-- Opening Marker --

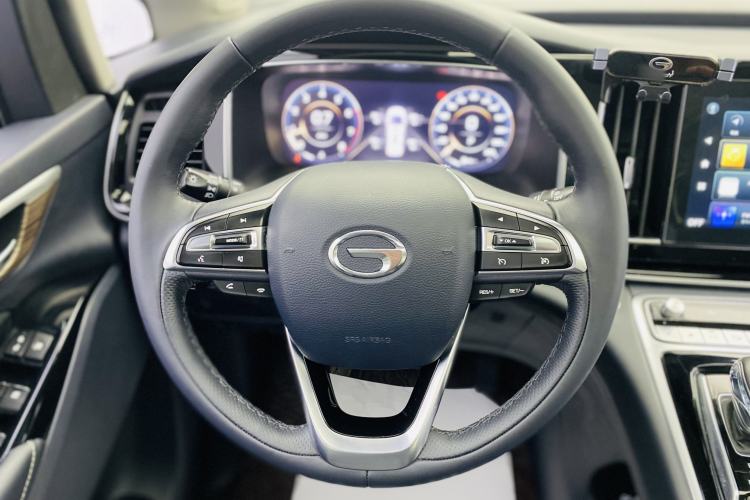 Used GAC Trumpchi M8 2021 Lingxiu Series 390T Ultimate Edition Interior 9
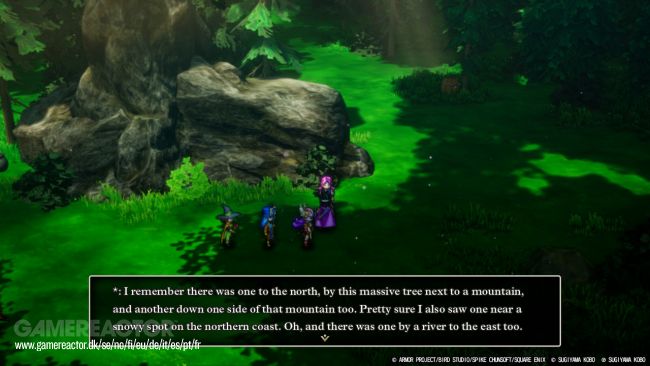 Dragon Quest III HD-2D Remake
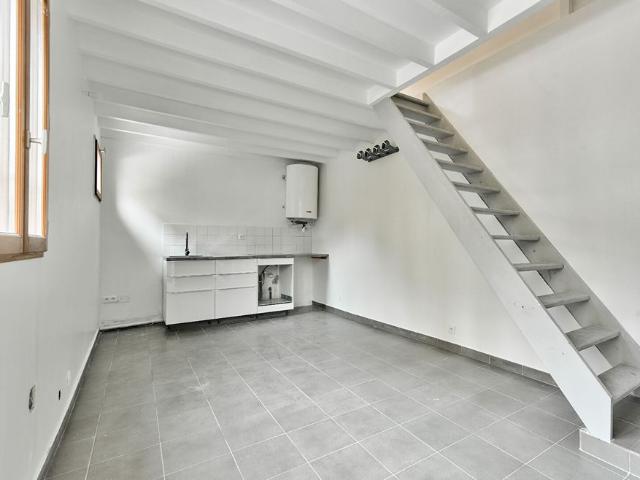 Maison de ville – Vanves 2/3 pièce s 46 m2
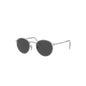 Ray Ban Gafas de Sol Round Metal Rb3447 Plata 1ud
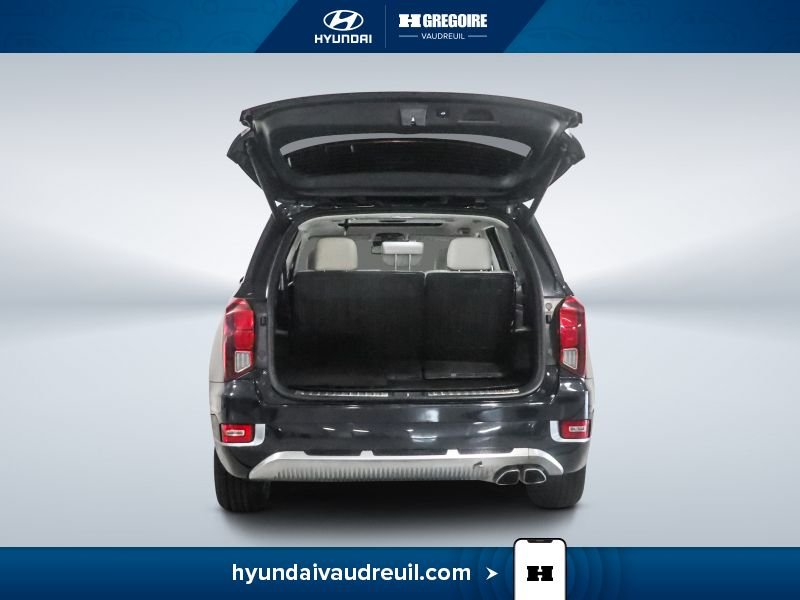 2021 Hyundai Palisade Blue Saint-Eustache - photo #42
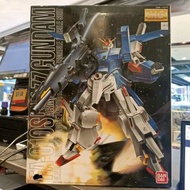 (黃埔聚寶坊B1b號舖門市現貨) MG 1/100 FA-010S Full Armor ZZ Gundam (AHBO220)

-- Closing Marker --

● **Prompt**: If a record holds a picture, leave the picture out and copy the rest exactly.

● **Finished exercise**:
 Used GAC Trumpchi M8 2021 Lingxiu Series 390T Ultimate Edition Interior 9
 Dragon Quest III HD-2D Remake
 Maison de ville – Vanves 2/3 pièce s 46 m2
 Ray Ban Gafas de Sol Round Metal Rb3447 Plata 1ud
 2021 Hyundai Palisade Blue Saint-Eustache - photo #42
 (黃埔聚寶坊B1b號舖門市現貨) MG 1/100 FA-010S Full Armor ZZ Gundam (AHBO220)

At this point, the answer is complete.